Honorable Mention: Sierra Nevada Brewing
Yes, Sierra Nevada made some great beer in 2018. And they could earn a spot on lists like this based on their flagship Pale Ale as far as I’m concerned. But I’m giving them an honorable mention this year because they brewed a beer for good (not evil) and proved the craft beer world has a really big heart. Northern California’s Camp Fire was the most devastating fire in California history, and Sierra Nevada stepped up big time during the tragedy. In addition to feeding first responders and helping displaced residents, Sierra Nevada hatched a scheme to brew a special beer, Resilience IPA, and donate all the proceeds to the Camp Fire Relief Fund. Then they worked with malt, hop and yeast suppliers to donate the raw ingredients necessary for other breweries to brew that beer, and asked other brewers to whip up batches of Resilience IPA and donate 100% of their sales to the fund.
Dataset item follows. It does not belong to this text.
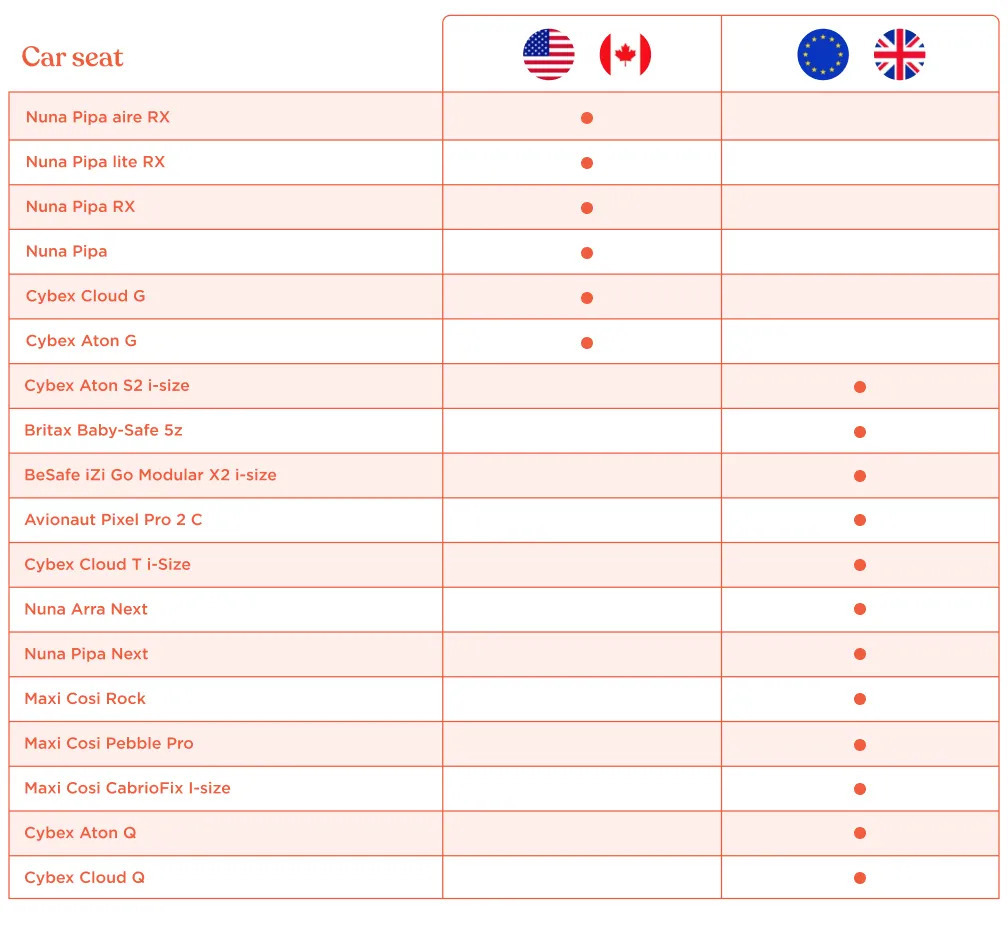 Ergobaby Metro 3 Turvahälli adapter - Image 2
More than a thousand breweries answered the call creating one of the best feel good stories of 2018. Sierra Nevada has proven they have a knack for large scale collaborations with their Beer Camp project, but Resilience IPA might be the largest beer collaboration in American craft beer history. More important, Resilience IPA could set the standard for social projects moving forward.